Hi, I have this question running in the back of my mind, and I am just curious if it is possible for this to work... Or if it would make any sense. I know the PSP will connect to the PS3 to watch a movie, but can it control the PS3 somehow. 

I did buy the bluetooth remote for my movies, but I am curious for things like music.


----------



## wbassett (Feb 8, 2007)

George I can't answer you since I don't have a PSP. My son does though so if nobody else can answer up I'll get ahold of him and see if he's played with this any.

I do know you can turn the PS3 on remotely with the PSP, and listen to music and play movies and PS1 games that are on the PS3 HD, but I am not sure if you can control the PS3 persay other than just turning it on and accessing content on the PSP.


----------



## Rambo4 (Jan 25, 2008)

Thanks for the reply Bill, I appreciate anything you can find out. Its a bit of a shot in the dark but thought I would take a chance.


----------



## Guest (Jul 22, 2008)

Hello Rambo4

I guess you can. I found the following quote on the american PS3 page

----------quote-------------
Using the [Audio Output Device] setting

An [Audio Output Device] setting has been added under settings (Settings) > remote settings (Remote Play Settings) in the home menu.

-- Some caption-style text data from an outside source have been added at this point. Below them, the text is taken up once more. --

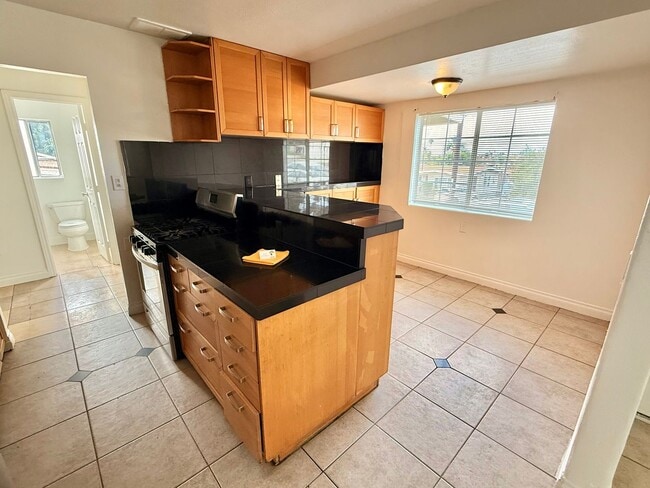 Building Photo - COMING SOON! Spacious 4 Bedroom, 3 Bathroom Home with Driveway
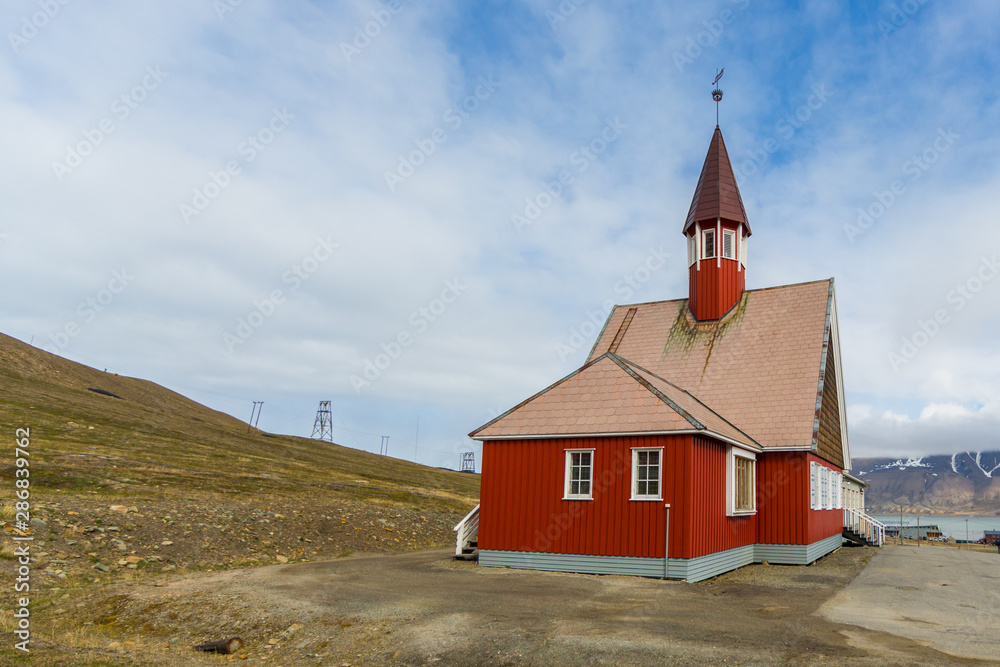 red Svalbard church in Longyearbyen, cloudy blue sky, sunlight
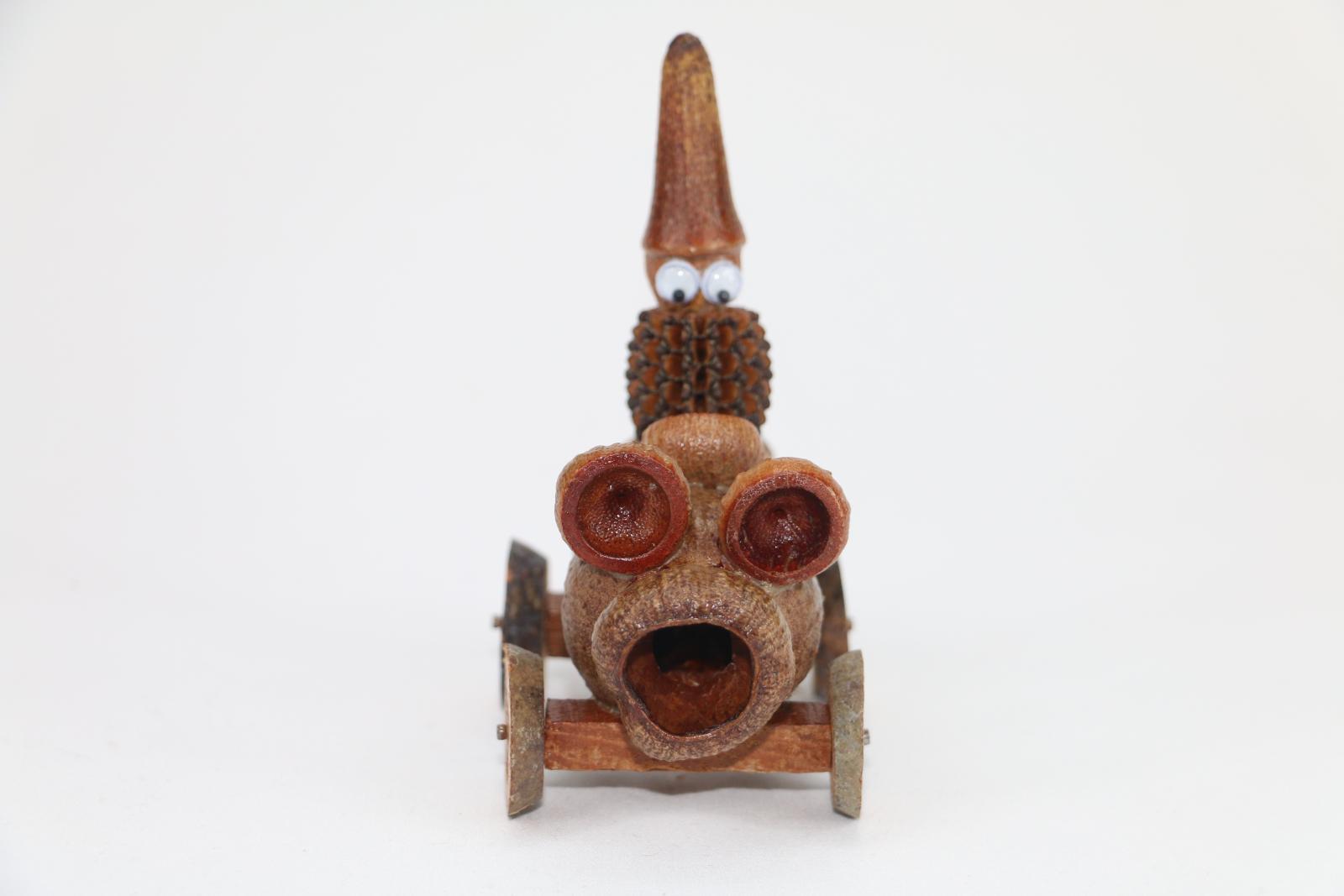 The front view of a Gumnut man with googly eyes, in a car. All made from different plant material.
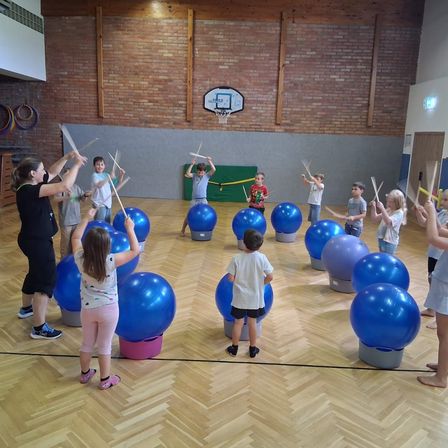 Mehrere Kinder und Erwachsene sind in einer Turnhalle und spielen mit einer Trommel und Stöcken. Sie stehen um blaue Übungsbälle herum. Die Turnhalle hat Ziegelwände und einen Basketballkorb.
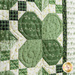 close up of quilting detail on one of the pieced shamrocks with each leaf made with a different shade of green from the Lucky Charms collection on a cream background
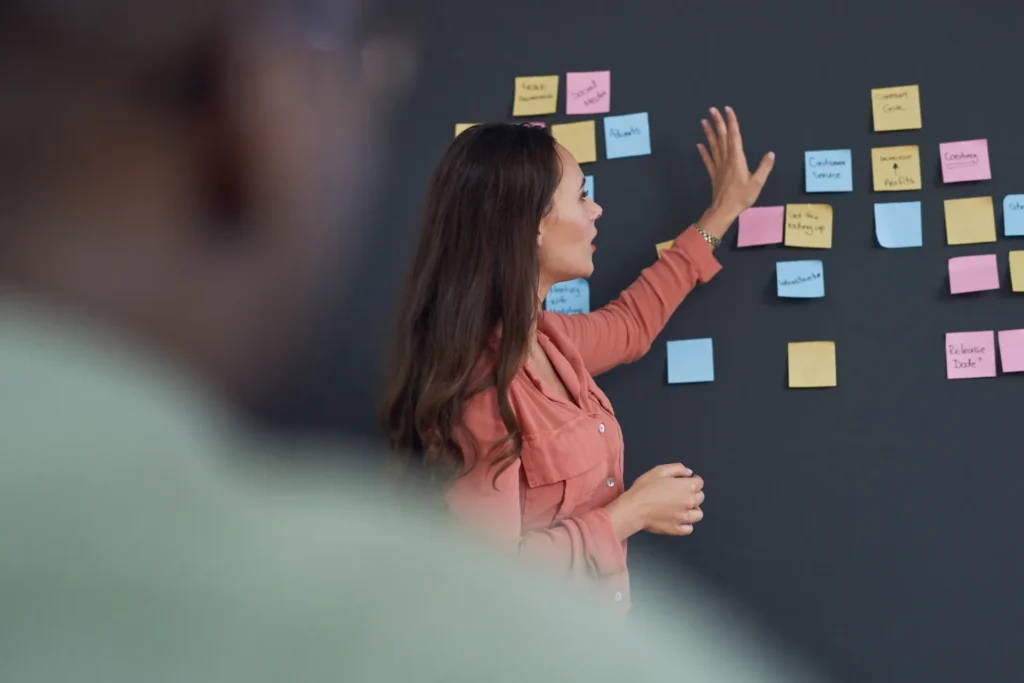 Käyttäjätarinat artikkelin kansikuva, jossa nainen esittelee suunnitelmaa postitlapuilla.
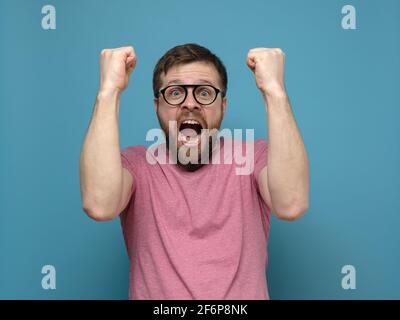 Ein emotionaler, glücklicher bärtiger Mann mit Brille und einem pinken T-Shirt macht eine Geste zum Sieger, schreit fröhlich und macht große Augen. Stockfoto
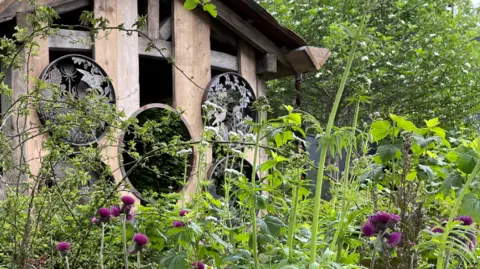 A wooden structure with large round windows and a pitch roof behind flowers and green foliage
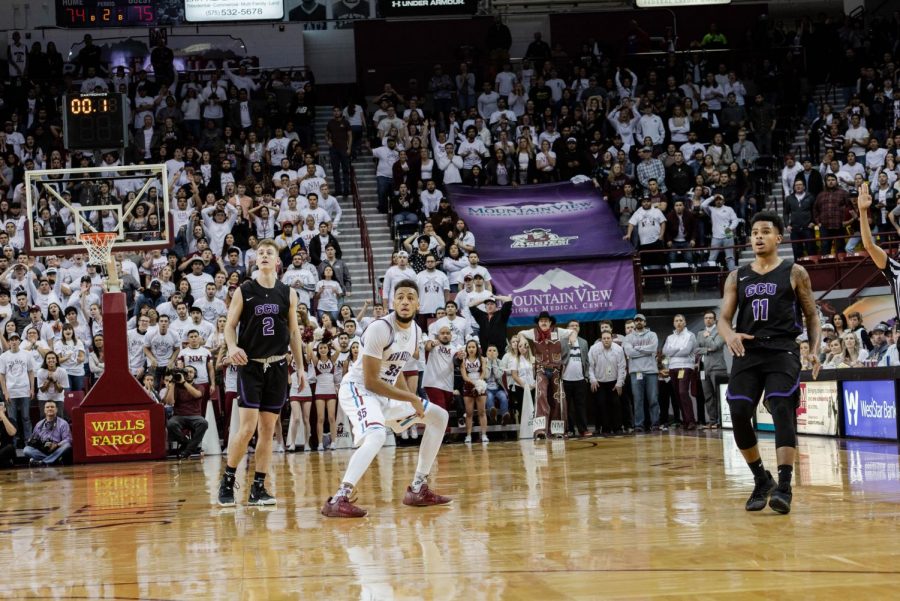 Johnny McCants watches his legendary half-court heave fly toward the basket as the clock expires. Game: Aggies.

With this setting, you can use your PSP system as a remote control for playing audio on your PS3 system. If your PS3 system is connected to an audio output device such as an AV receiver, you can operate the device without turning on your TV.

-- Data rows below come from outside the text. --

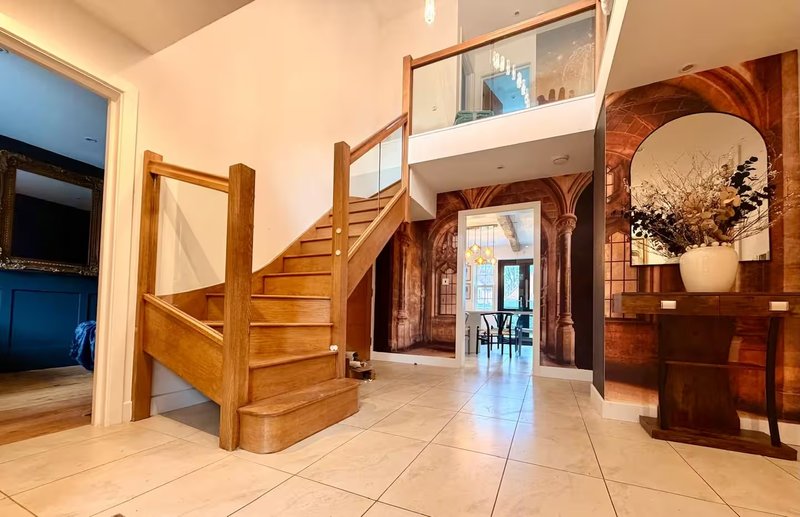 Spacious entrance hallway with wooden staircase, tiled floor and decorative mirror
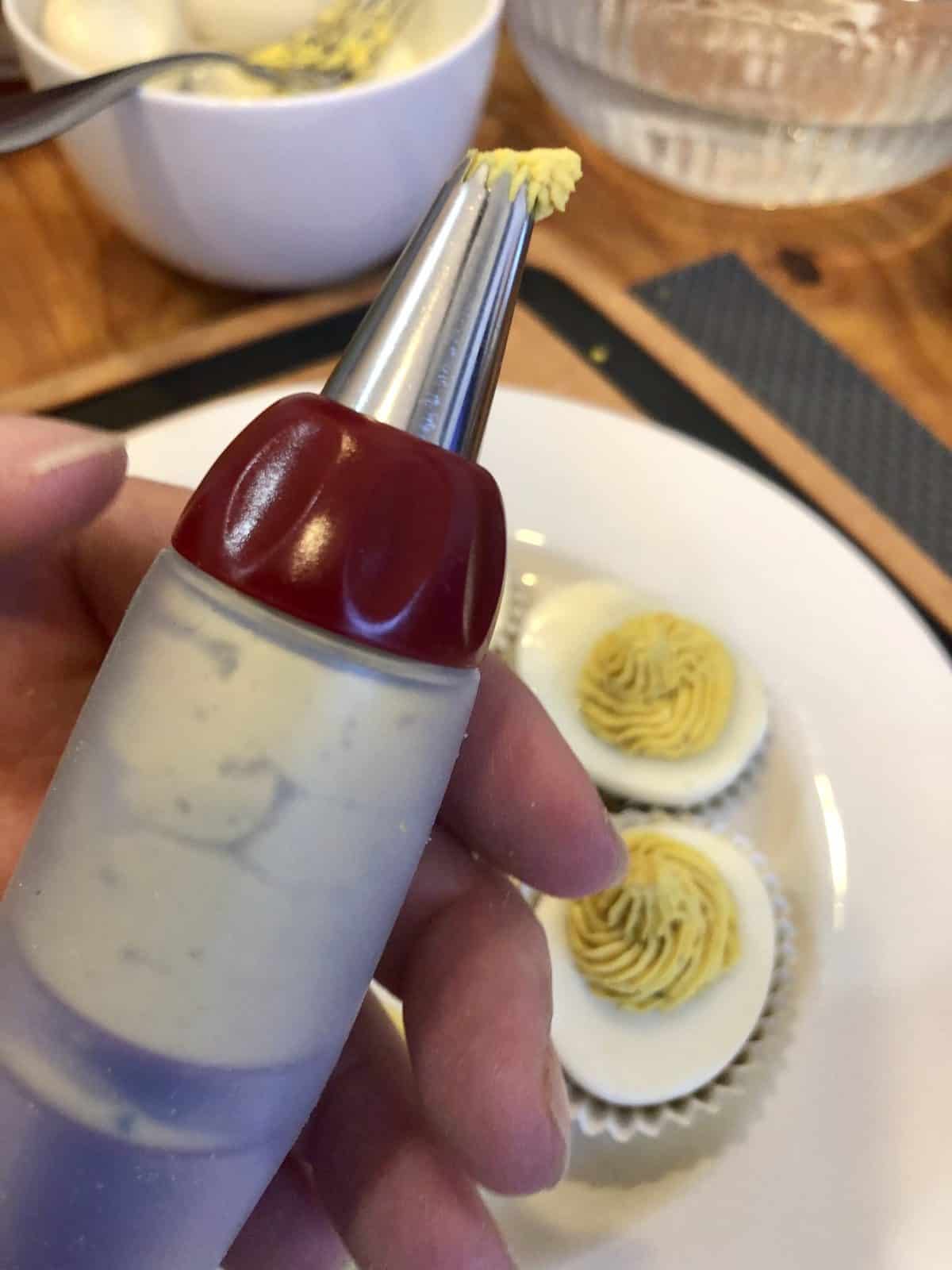 a hand holding cake decorator with whipped egg yolk over a plate of deviled eggs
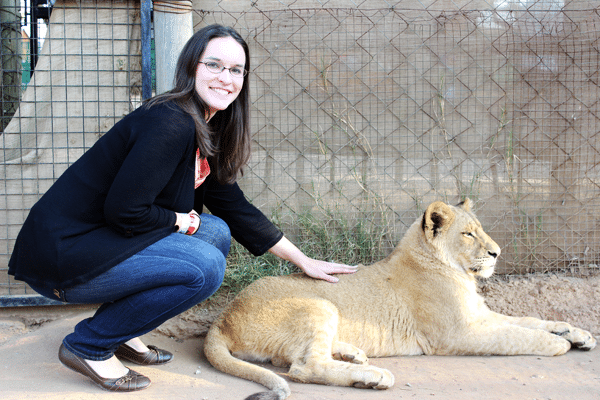 Lindsay Petting a Lion Cub and Smiling at the Camera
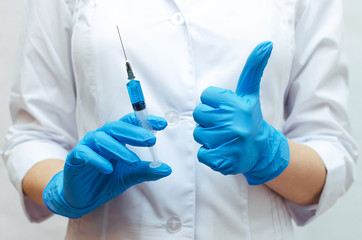Syringe with a blue medical drug and doctor hand which showing a thumbs up sign. The best medical drug concept.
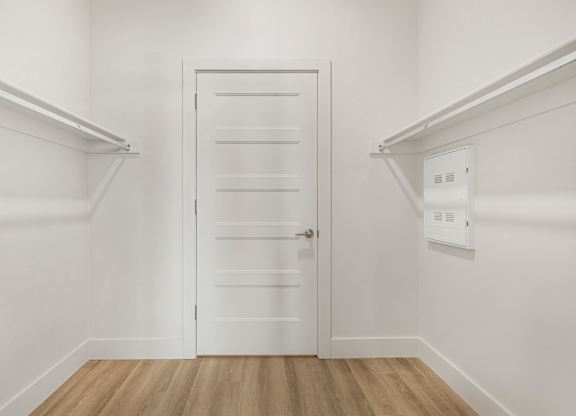 A white door with a handle is in the middle of a room with white walls.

You can set which system plays audio during remote play with a PSP system.
PSP Play audio on the PSP system.
PS3 Play audio on the PS3 system.
--------quote------------------------

I don't think I can give you the link, since I'm a very new user, though, but I have the setting on my PS3

If this doesn't work I'd like to know, since I'm considering buying a PSP the next time I'm in the US, so I won't have to turn on my projector every time I want to listen to music.


----------



## Rambo4 (Jan 25, 2008)

Thanks for the head's up! I thought one should be able to, but never got around to playing around with the settings that much. I have been busy with work and "Metal Gear Solid 4"... 

I agree that would be really nice not to have to fire up the projector for music now and then. I'll give it a shot and get back to you. Thanks again.


----------